Hi all,
I have a question regarding triggers in sideinput. I would try to explain
my doubt with an example.
Suppose we have a data stream of sensor events as follow:
- id, timestamp, type, value
Where:
- id is the sensor id
- timestamp is the event timestamp
- type could be some of this value (measurement, new-state)
- value is a conditional field following this rule. If the type is
'measurement' it is a real number with the measured value. If the type
field is 'new-state' value it is a string with a new sensor state.

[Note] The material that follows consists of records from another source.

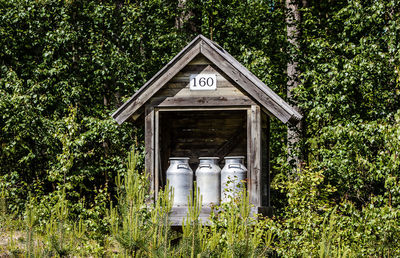 Canisters in wooden structure against trees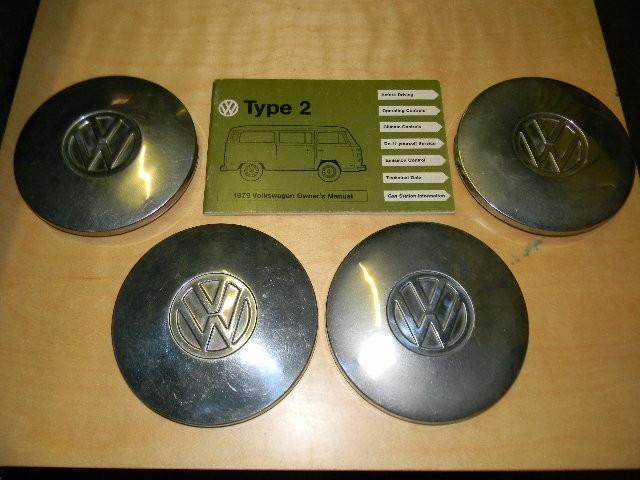 Lot of 5 - four VW hubcaps and one ...
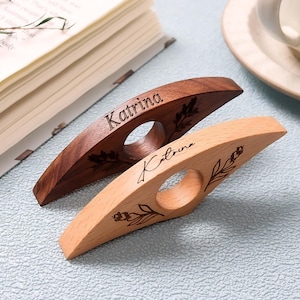 May include: Two wooden book page holders, one dark brown and one light wood. Each has a finger hole and the name "Katrina" engraved. The dark brown holder has a leaf design, and the light wood holder has a floral design.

We want to produce aggregated data in a time based way (for example by an
hour) as follow:
Report:
{
'timestamp: 'report timestamp',
'sensors': {
'sensorId1': {
'stateA': 'sum of measures in stateA',
'stateB': 'sum of measures in stateB',
'stateC': 'sum of measures in stateC',
....
}
}
}
The state at a given timestamp X is the last known state of that sensor at
that moment. We could have late events (suppose max 15' late).
I thought this solution:
1) Create a 'sideInput' with the states (in a global window)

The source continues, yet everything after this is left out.